Il sangavinese Franco Melas, conosciuto sia per i tanti anni passati tra i banchi e le palestre scolastiche nelle vesti di professore, sia per le sue imprese sportive, ancora una volta balza agli onori delle nostre cronache per aver ricevuto una delle più importanti tra le onorificenze civili.
Franco Melas è infatti stato insignito del titolo di Cavaliere della Repubblica Italiana.
Istituito con la legge n. 178 del 3 marzo 1951, l’Ordine al merito della Repubblica nacque con lo scopo di «ricompensare benemerenze acquisite verso la Nazione nel campo delle lettere, delle arti, dell’economia e nell’impegno di pubbliche cariche e di attività svolte a fini sociali, filantropici e umanitari, nonché per lunghi e segnalati servizi nelle carriere civili e militari».

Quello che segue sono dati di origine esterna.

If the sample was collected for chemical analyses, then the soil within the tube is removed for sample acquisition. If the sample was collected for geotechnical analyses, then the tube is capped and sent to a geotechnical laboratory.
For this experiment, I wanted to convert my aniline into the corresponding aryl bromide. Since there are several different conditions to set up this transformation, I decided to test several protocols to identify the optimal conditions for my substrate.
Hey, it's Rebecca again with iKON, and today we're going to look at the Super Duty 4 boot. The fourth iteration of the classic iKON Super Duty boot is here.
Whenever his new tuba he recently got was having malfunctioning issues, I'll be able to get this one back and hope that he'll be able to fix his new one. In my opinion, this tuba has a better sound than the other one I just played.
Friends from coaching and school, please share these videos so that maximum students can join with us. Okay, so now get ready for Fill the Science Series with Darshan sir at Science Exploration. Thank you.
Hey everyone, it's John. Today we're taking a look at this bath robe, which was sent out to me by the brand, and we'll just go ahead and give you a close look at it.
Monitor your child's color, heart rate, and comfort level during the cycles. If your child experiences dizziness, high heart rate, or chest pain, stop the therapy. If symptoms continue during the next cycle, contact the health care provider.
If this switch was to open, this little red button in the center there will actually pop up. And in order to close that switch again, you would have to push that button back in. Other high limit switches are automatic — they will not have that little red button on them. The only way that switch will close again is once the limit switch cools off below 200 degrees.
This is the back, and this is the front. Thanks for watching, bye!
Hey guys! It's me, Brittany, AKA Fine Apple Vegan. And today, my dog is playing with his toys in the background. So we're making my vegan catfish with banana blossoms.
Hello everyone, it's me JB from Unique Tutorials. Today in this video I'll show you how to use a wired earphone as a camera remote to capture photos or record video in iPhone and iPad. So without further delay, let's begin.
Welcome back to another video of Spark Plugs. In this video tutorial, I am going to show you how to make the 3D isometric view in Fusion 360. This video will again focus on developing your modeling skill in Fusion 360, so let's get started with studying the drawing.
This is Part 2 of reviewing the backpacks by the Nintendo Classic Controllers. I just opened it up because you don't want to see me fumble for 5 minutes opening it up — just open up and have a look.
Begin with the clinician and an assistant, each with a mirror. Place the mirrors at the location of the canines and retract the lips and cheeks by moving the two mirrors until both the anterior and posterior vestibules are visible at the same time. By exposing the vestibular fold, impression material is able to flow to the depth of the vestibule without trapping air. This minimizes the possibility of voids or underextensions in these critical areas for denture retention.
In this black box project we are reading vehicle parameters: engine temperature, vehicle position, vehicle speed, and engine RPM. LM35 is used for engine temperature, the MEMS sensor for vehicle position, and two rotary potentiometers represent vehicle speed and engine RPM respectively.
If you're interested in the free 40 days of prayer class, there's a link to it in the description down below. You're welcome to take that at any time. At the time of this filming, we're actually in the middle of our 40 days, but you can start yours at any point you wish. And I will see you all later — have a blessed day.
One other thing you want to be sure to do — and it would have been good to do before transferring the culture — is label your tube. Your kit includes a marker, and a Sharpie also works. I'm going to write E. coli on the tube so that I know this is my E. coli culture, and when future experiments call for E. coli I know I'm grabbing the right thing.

Nel caso di Franco Melas, il suo impegno nella divulgazione della cultura dello zafferano di San Gavino sia a livello nazionale che internazionale. Sono innumerevoli i contatti del professore con le più prestigiose Università di Spagna, Grecia e Argentina.
Il nome di Franco Melas è stato registrato all’Albo dei Cavalieri il 27 dicembre 2014, quando ancora il Presidente della Repubblica era Giorgio Napolitano. La consegna è avvenuta il 2 giugno 2015, per mano di Massimo Zedda, sindaco di Cagliari.
Il professore non ha nascosto un pizzico di emozione per il riconoscimento, pur sottolineando l’ironia del ricevere un’onorificenza da un Paese in cui fatica a riconoscersi. Franco Melas, che non hai nascosto le sue ideologie – politiche ed economiche – di sinistra, ha commentato così al suo rientro a casa.
Non avrei mai pensato di dover cantare un giorno l’inno nazionale con un pizzico di “intimo coinvolgimento ” toccato forse dalle belle parole di “compagno” Massimo Zedda, sindaco di Cagliari, in riferimento all’accoglienza riservata agli 880 migranti sbarcati a Cagliari l’altro giorno.
Abbagliato inoltre dal luccichio delle sciabole delle “alte uniformi” e sicuramente coinvolto dalla sincera commozione delle mogli degli altri dodici “conferendi”! Lontano anche il giorno di 50 anni or sono, quando giurando fedeltà alla Repubblica, giovane di leva irridevo alla cerimonia mordendo un tocco di cioccolato.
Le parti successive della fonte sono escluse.